Ever since floods swept away dozens of homes and damaged many others in their village in the Sanghar District of Pakistan’s Sindh Province six months ago, Dinu Muhammad and his extended family of 10 have slept on thin pieces of cotton cloth spread out on a mud floor.
Their home is a piece of canvas tacked to a roughly constructed wooden structure in a makeshift settlement in the district.
“We fled our village on foot – and because many other families from our village and others around it set up what shelter they could here, we joined them,” Dinu told IRIN. He said they had never expected they would be here so long, or that they would receive such little help.

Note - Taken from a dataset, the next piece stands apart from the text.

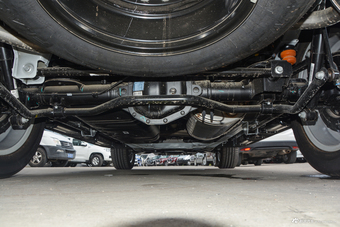 2017上汽大通D90 2.0T手动两驱火星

Around 30 families remain at the settlement, unable to go home as their villages are still inundated.
Others are similarly affected in Sindh. “My home has been wrecked, my fields destroyed – and the road that leads to our village is still covered in water, making it very difficult to come and go,” Ghulam Chandio, encamped since September last year at another roadside settlement a few kilometres from the town of Kunri in Umarkot District, told IRIN.
According to an International Organization for Migration (IOM) assessment carried out in February, 13,325 individuals have been unable to return home following the 2011 floods, and remain based in 95 temporary settlements.

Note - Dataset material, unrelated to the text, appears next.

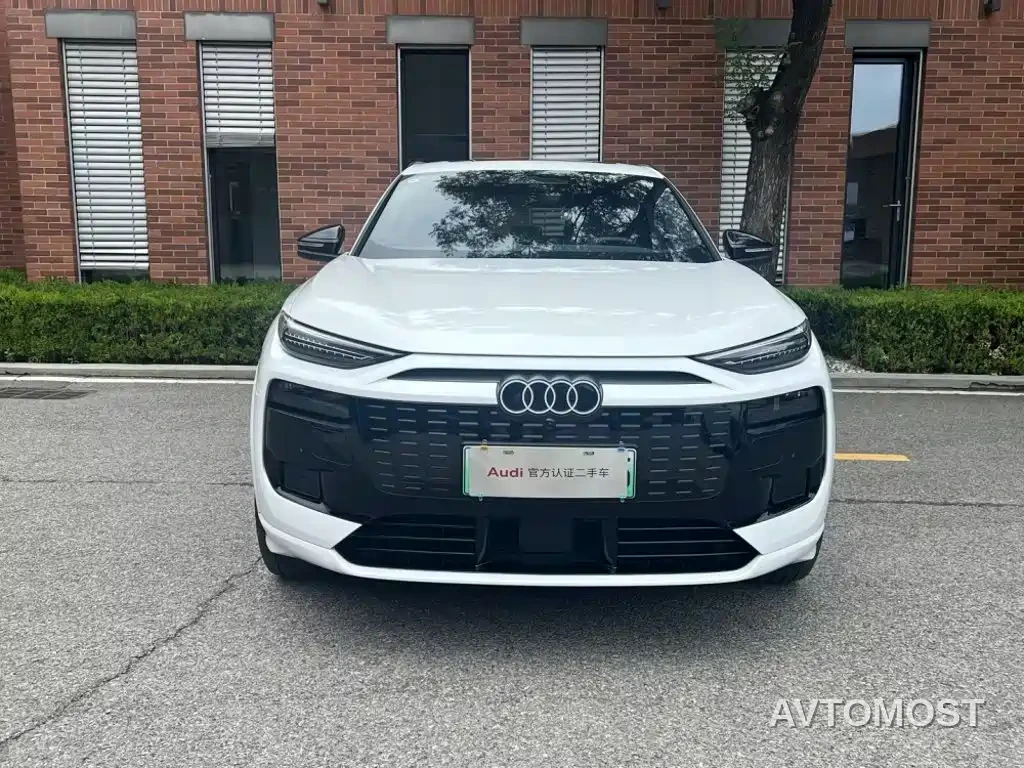 Audi Q6L e-tron 2025 Model Pioneer Edition — фото 9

“Of these, 90 percent are spontaneous settlements, mostly along roadsides and other pieces of land. Four percent are planned camps and one settlement is in a school,” IOM spokesperson Mutya Izora Maskun told IRIN. She also said the IOM priority was to assess how people could be helped to return.
“A fair number have reported standing water either en route to, or in, their village, which is preventing their return. Others have reported lack of resources for recovery – both reconstruction and livelihoods – preventing them from returning. We want to find out how many can return, and also how many may continue to need assistance in the temporary settlements for months to come,” she said.
Regarding the Early Recovery Plan for Sindh flood victims launched two weeks ago by the Pakistan government, Maskun said a donor response and additional funding was being “eagerly anticipated”. In a 2 March press release IOM appealed for US$29 million to help meet “urgent early recovery needs”.
The humanitarian community as a whole is seeking US$440 million to help an estimated 5.4 million flood-affected people in 23 districts of Sindh in 2011.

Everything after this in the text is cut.